Top of Information

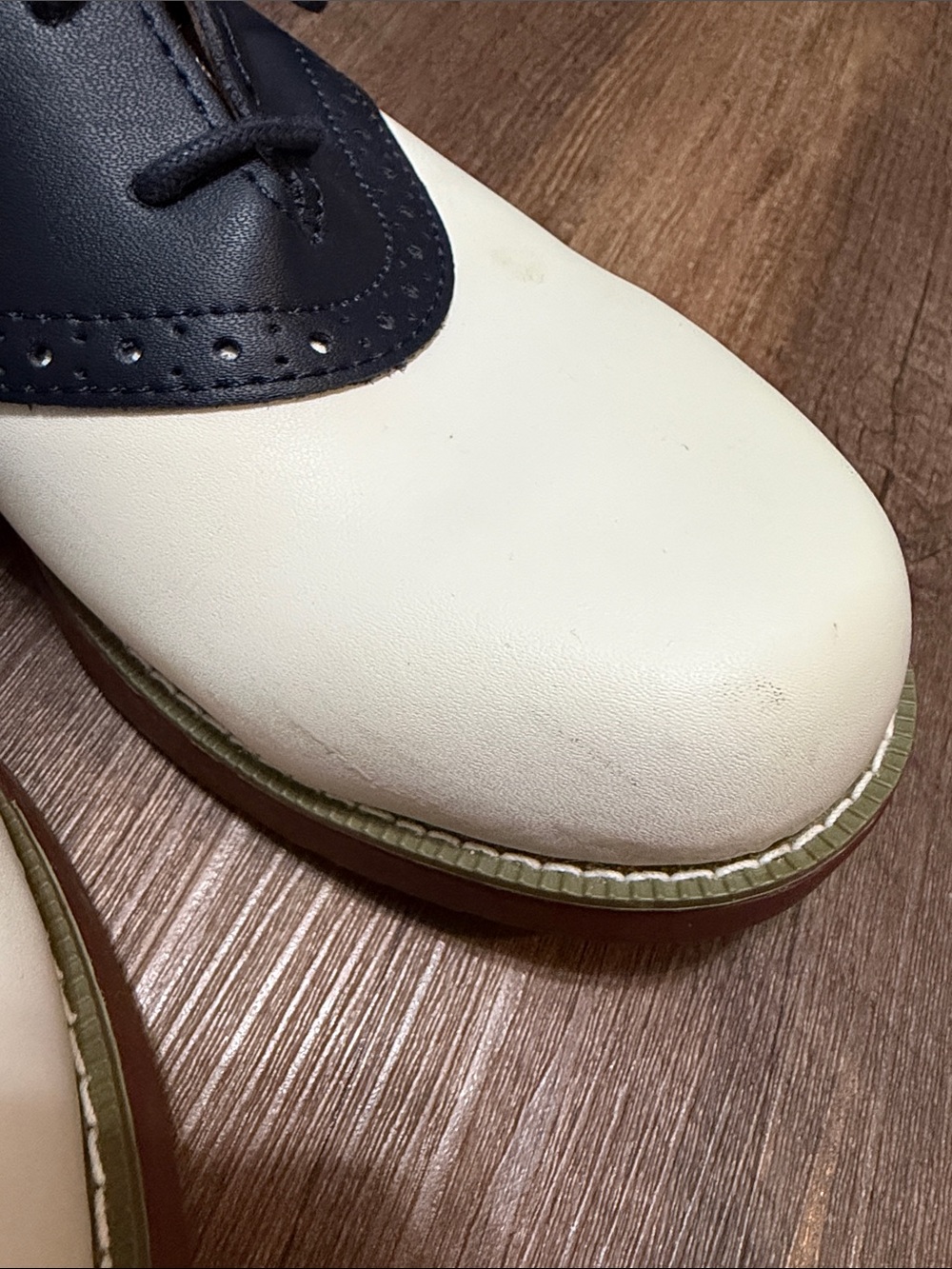Classic Saddle Shoes School Issue Black and White Leather Women’s Size 9 W - Picture 8 of 8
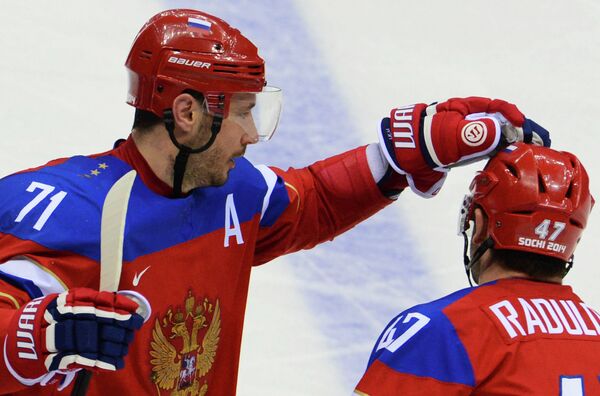 Слева направо: Илья Ковальчук и Александр Радулов (Россия) радуются забитому голу. Россия - Норвегия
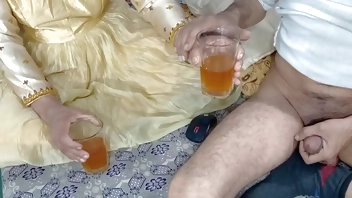 भारतीय नव विवाहित दुल्हन गुदा स्वस्थ रस के बाद स्मार्ट डिल्डो के साथ गड़बड़ कर दिया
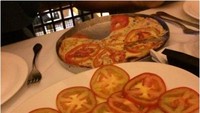 Netizen bernama Evan memesan salad tomat saat ia berkunjung Brazil. Hasilnya ia justru hanya mendapatkan irisan tomat tipis di atas piring. Foto: Boredpanda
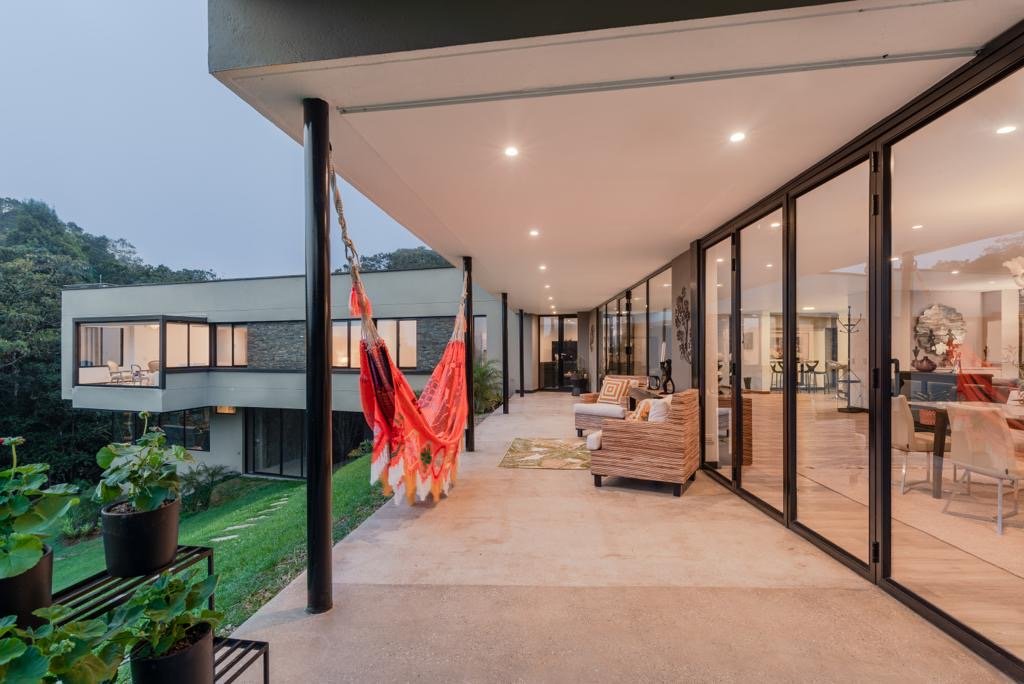 Exclusiva Casa en Renta y Venta en el Alto de las palmas . — 11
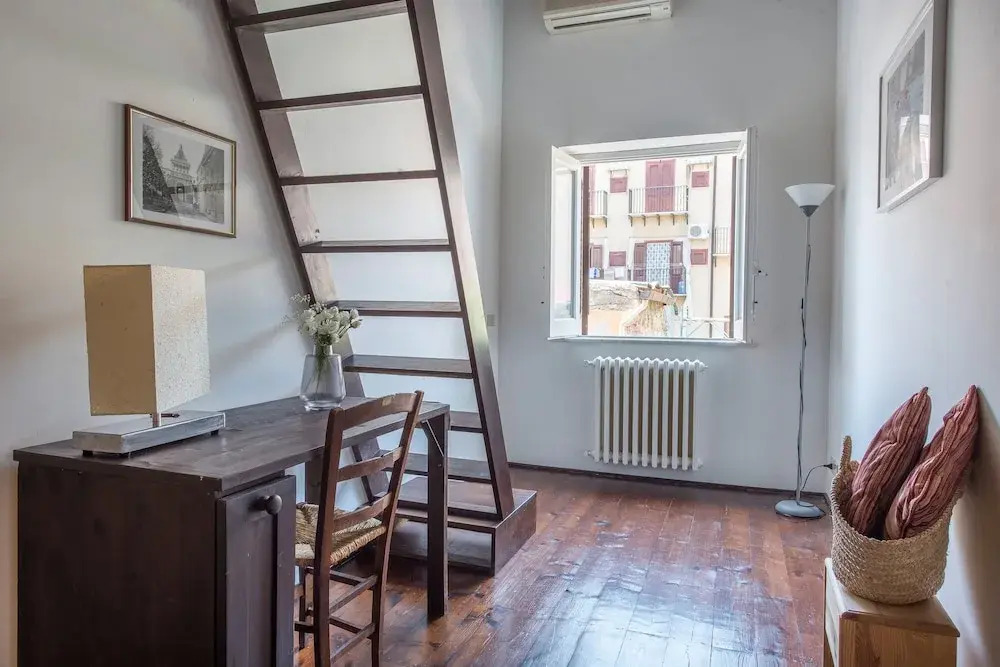 Terrazza e stile sui tetti della Kalsa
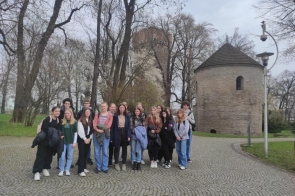 młodzież z wymiany podczas wycieczki przy cieszyńskiej Rotundzie 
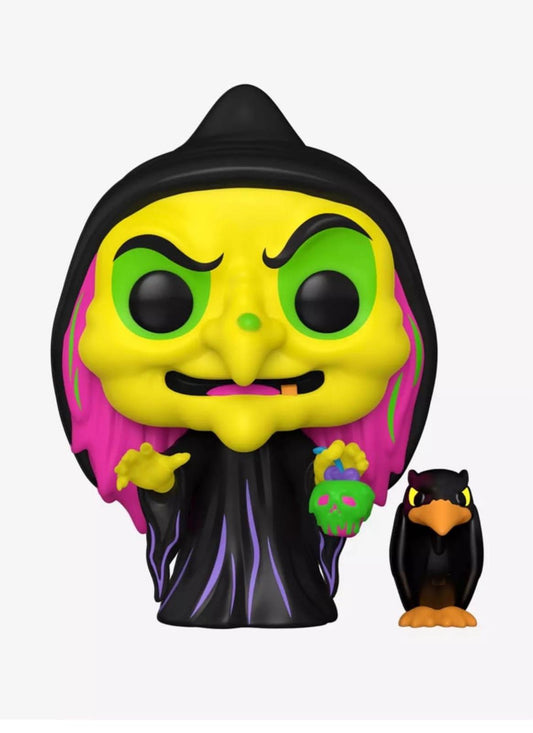 Funko Pop! Disney Villains Snow White and 7 Dwarfs Disguised Evil Queen w/Raven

Bottom of Information

**Directions**. Drop the images; return the entries above exactly as they appear.

**Task result**.
Classic Saddle Shoes School Issue Black and White Leather Women’s Size 9 W - Picture 8 of 8
 Слева направо: Илья Ковальчук и Александр Радулов (Россия) радуются забитому голу. Россия - Норвегия
 भारतीय नव विवाहित दुल्हन गुदा स्वस्थ रस के बाद स्मार्ट डिल्डो के साथ गड़बड़ कर दिया
 Netizen bernama Evan memesan salad tomat saat ia berkunjung Brazil. Hasilnya ia justru hanya mendapatkan irisan tomat tipis di atas piring. Foto: Boredpanda
 Exclusiva Casa en Renta y Venta en el Alto de las palmas . — 11
 Terrazza e stile sui tetti della Kalsa
 młodzież z wymiany podczas wycieczki przy cieszyńskiej Rotundzie 
 Funko Pop! Disney Villains Snow White and 7 Dwarfs Disguised Evil Queen w/Raven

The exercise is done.